Leave the images out and repeat the data exactly as given.

PROVIDED MATERIAL Block Start

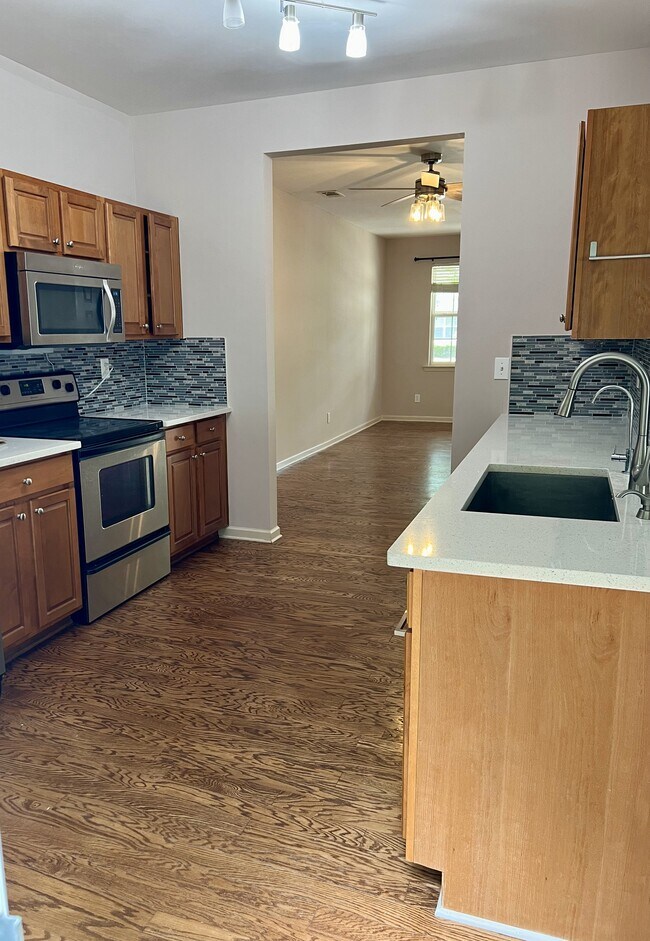 Building Photo - 551 Windstone Trl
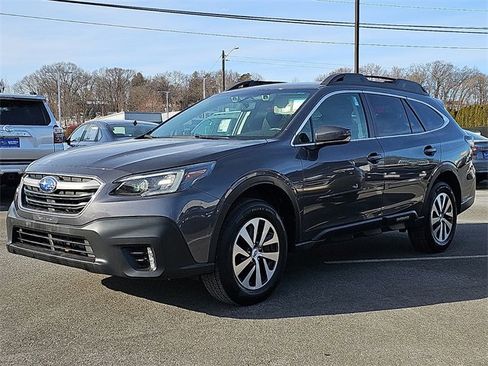 Used 2022 Subaru Outback Premium image 3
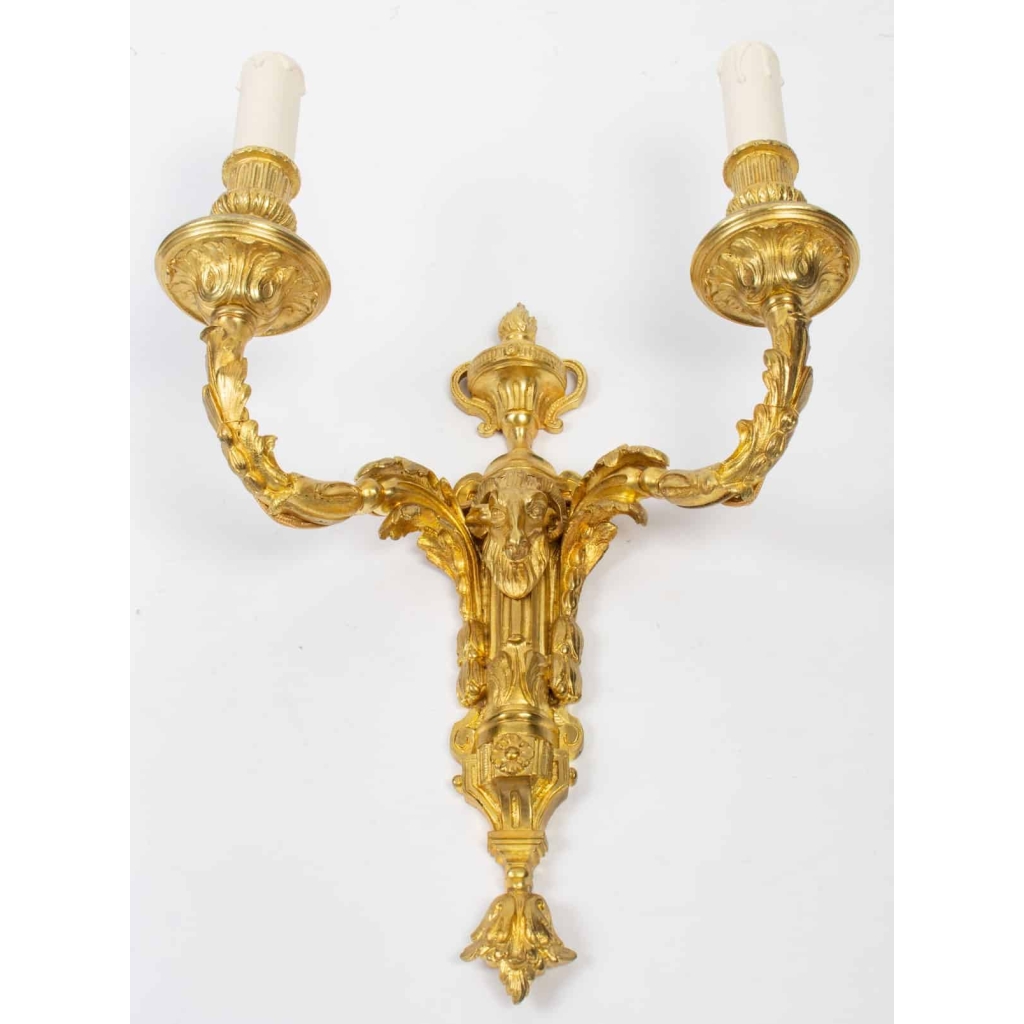 Paire d’appliques de style Louis XVI. | Biron Paire d'appliques de style Louis XVI.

PROVIDED MATERIAL Block End

[ANSWER]
 Building Photo - 551 Windstone Trl
 Used 2022 Subaru Outback Premium image 3
 Paire d’appliques de style Louis XVI. | Biron Paire d'appliques de style Louis XVI.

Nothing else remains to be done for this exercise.